## Stored data
------------------------------

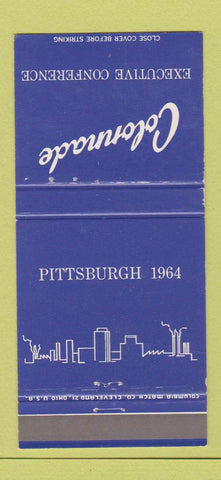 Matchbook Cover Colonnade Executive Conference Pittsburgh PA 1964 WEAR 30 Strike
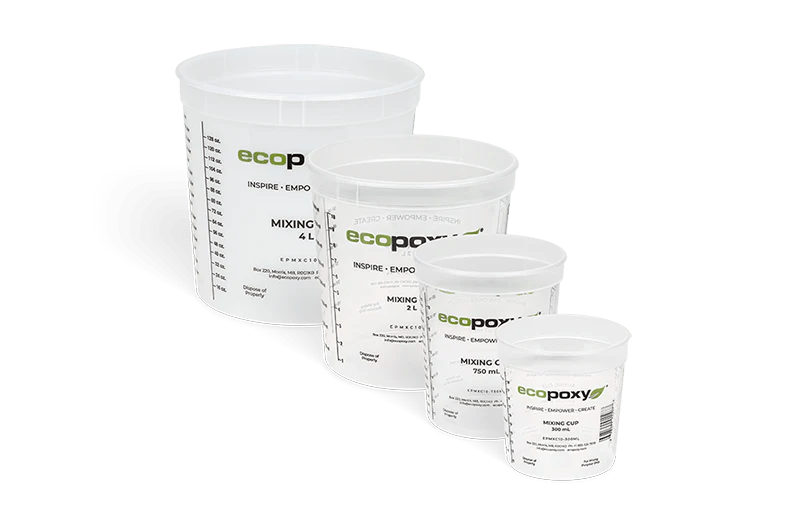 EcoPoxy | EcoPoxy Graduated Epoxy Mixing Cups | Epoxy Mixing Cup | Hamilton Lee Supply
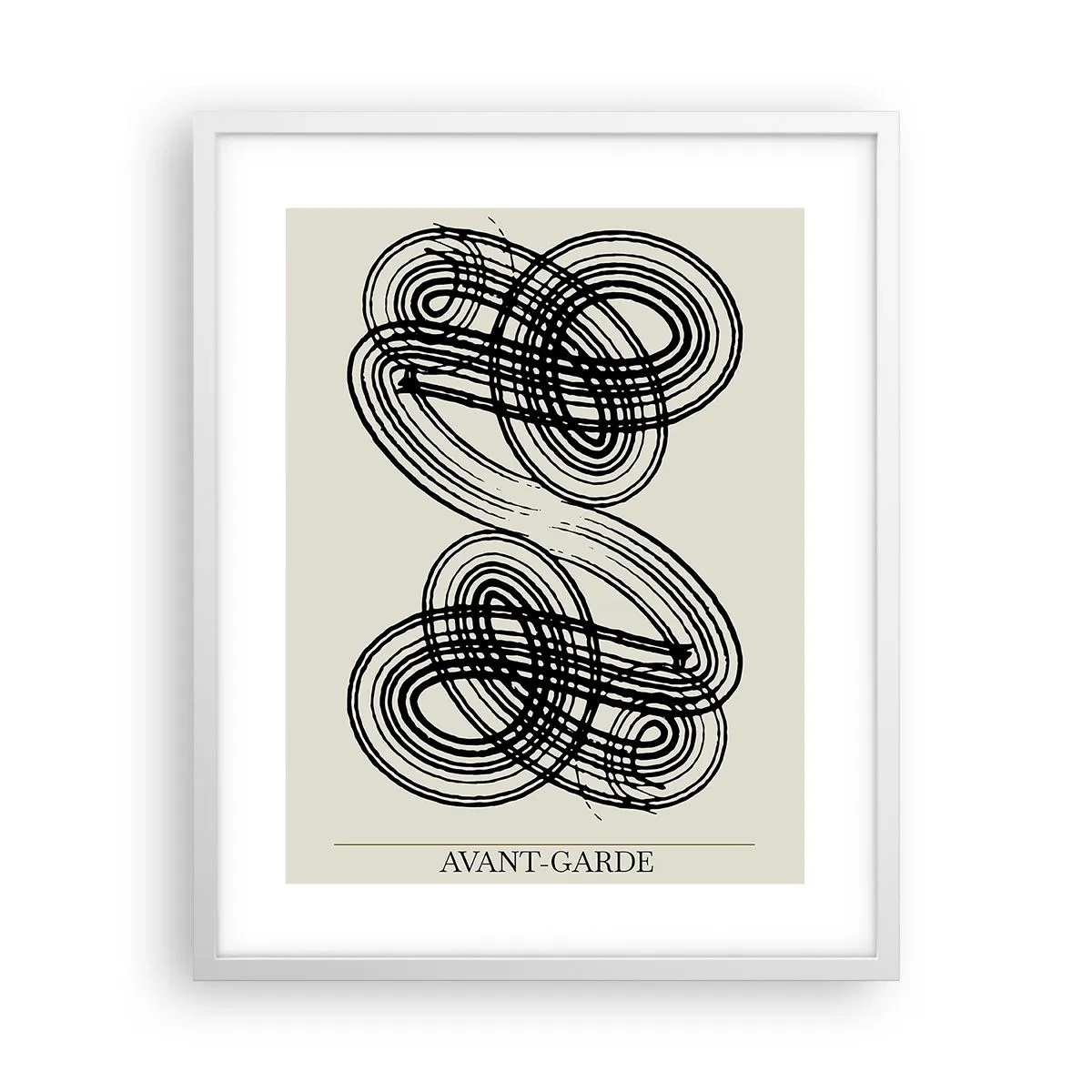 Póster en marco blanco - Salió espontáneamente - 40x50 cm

------------------------------

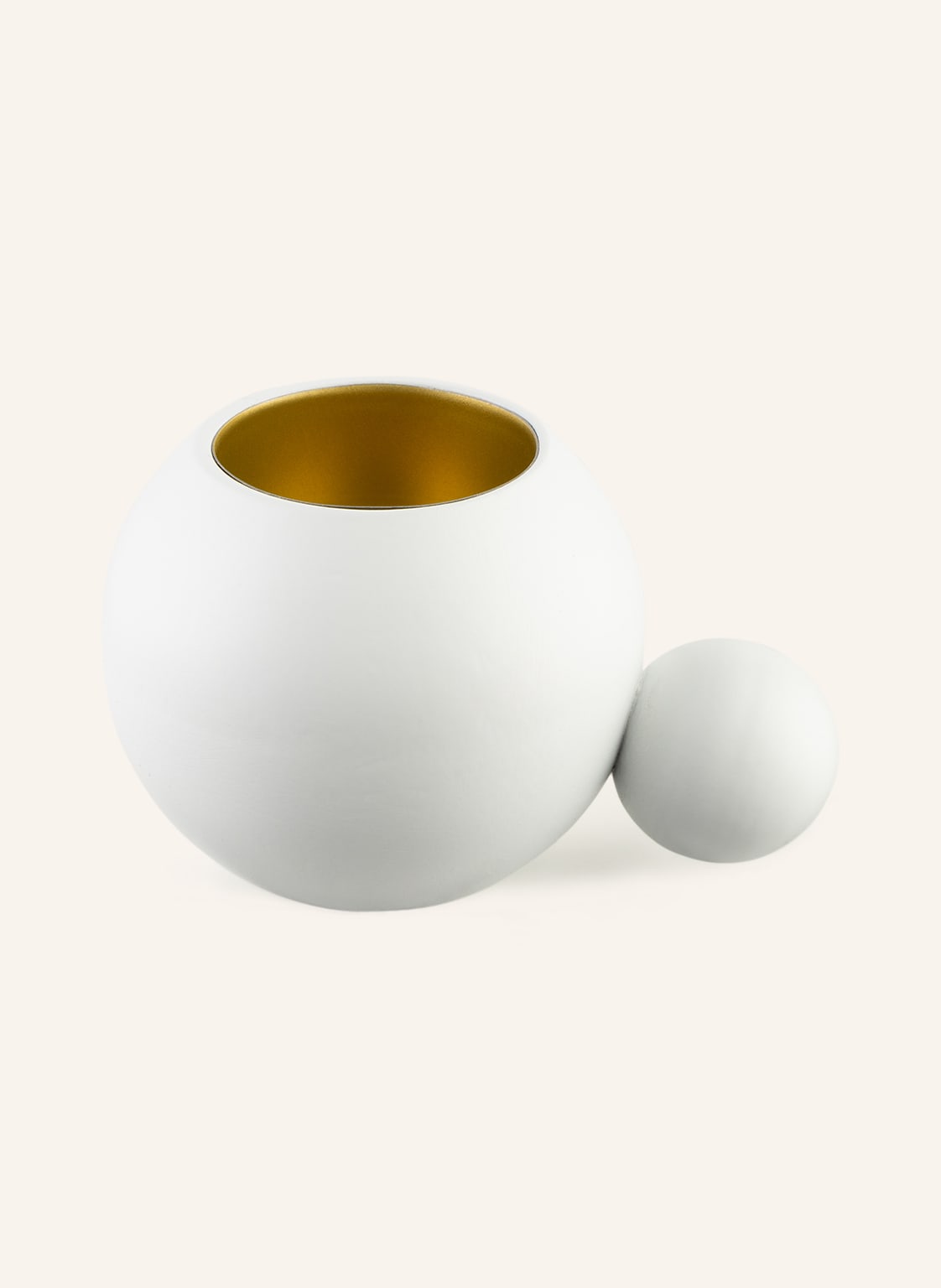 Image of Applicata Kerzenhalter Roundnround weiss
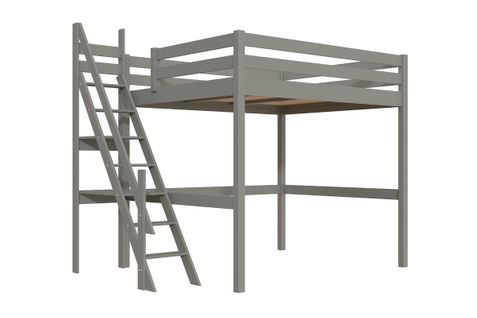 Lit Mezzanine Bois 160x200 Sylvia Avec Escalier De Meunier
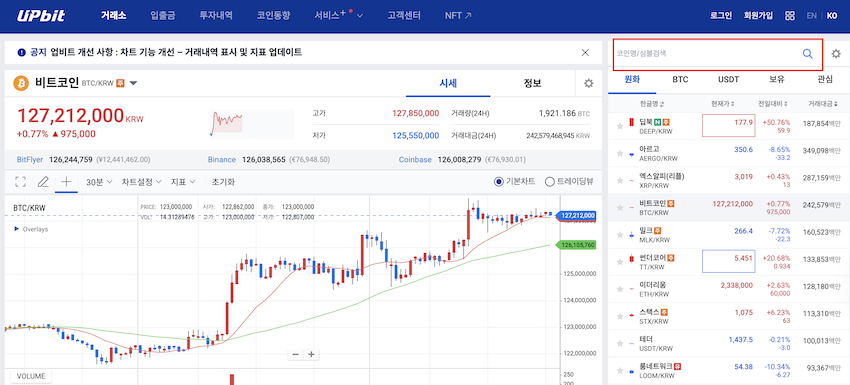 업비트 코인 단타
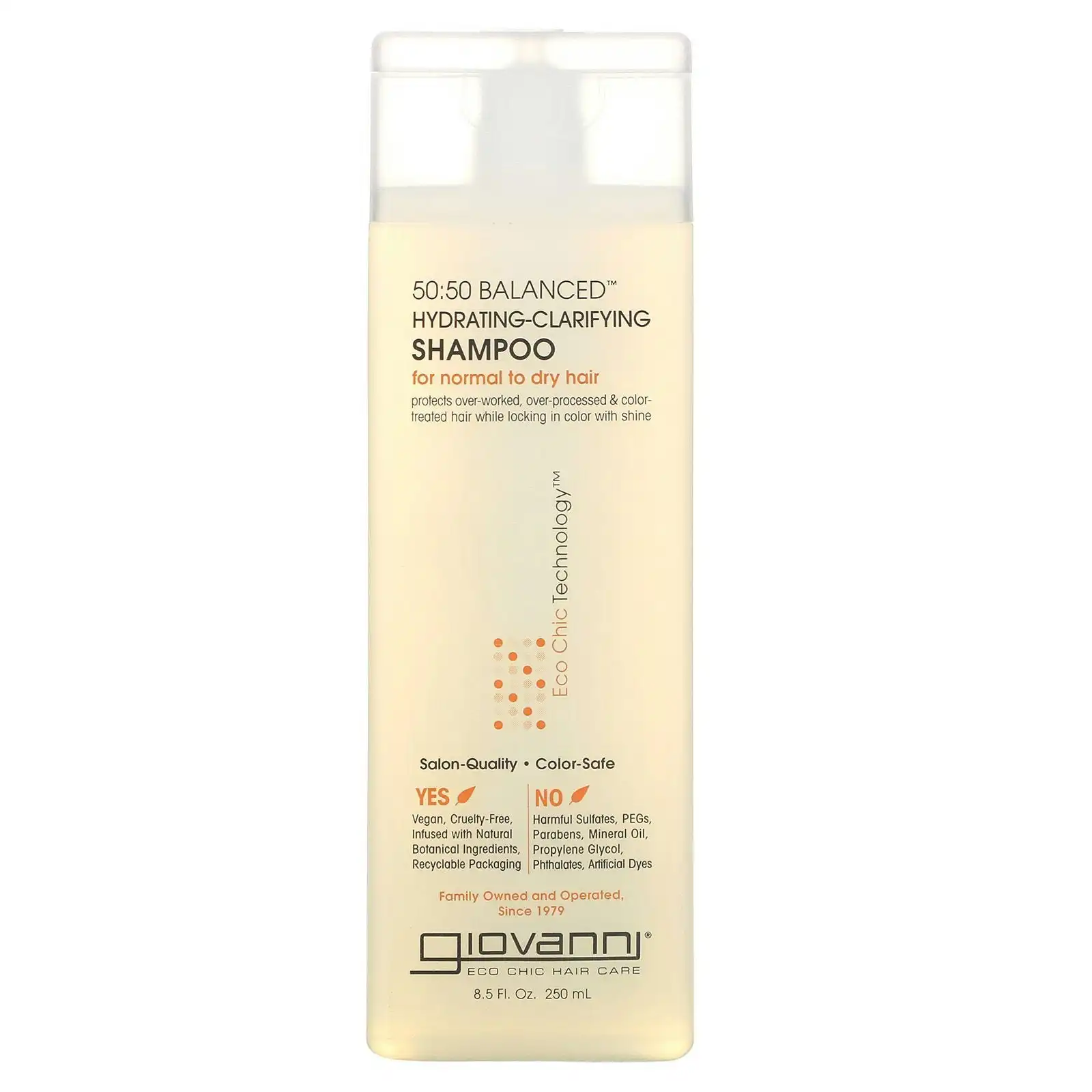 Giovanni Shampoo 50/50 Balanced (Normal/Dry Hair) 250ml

------------------------------

## Exercise requirements
Go back to the listing above and reproduce, exactly, the stretch from the line bearing "EcoPoxy | EcoPoxy" through the line bearing "Póster en marco", without its pictures.

## Response to this exercise
 EcoPoxy | EcoPoxy Graduated Epoxy Mixing Cups | Epoxy Mixing Cup | Hamilton Lee Supply
 Póster en marco blanco - Salió espontáneamente - 40x50 cm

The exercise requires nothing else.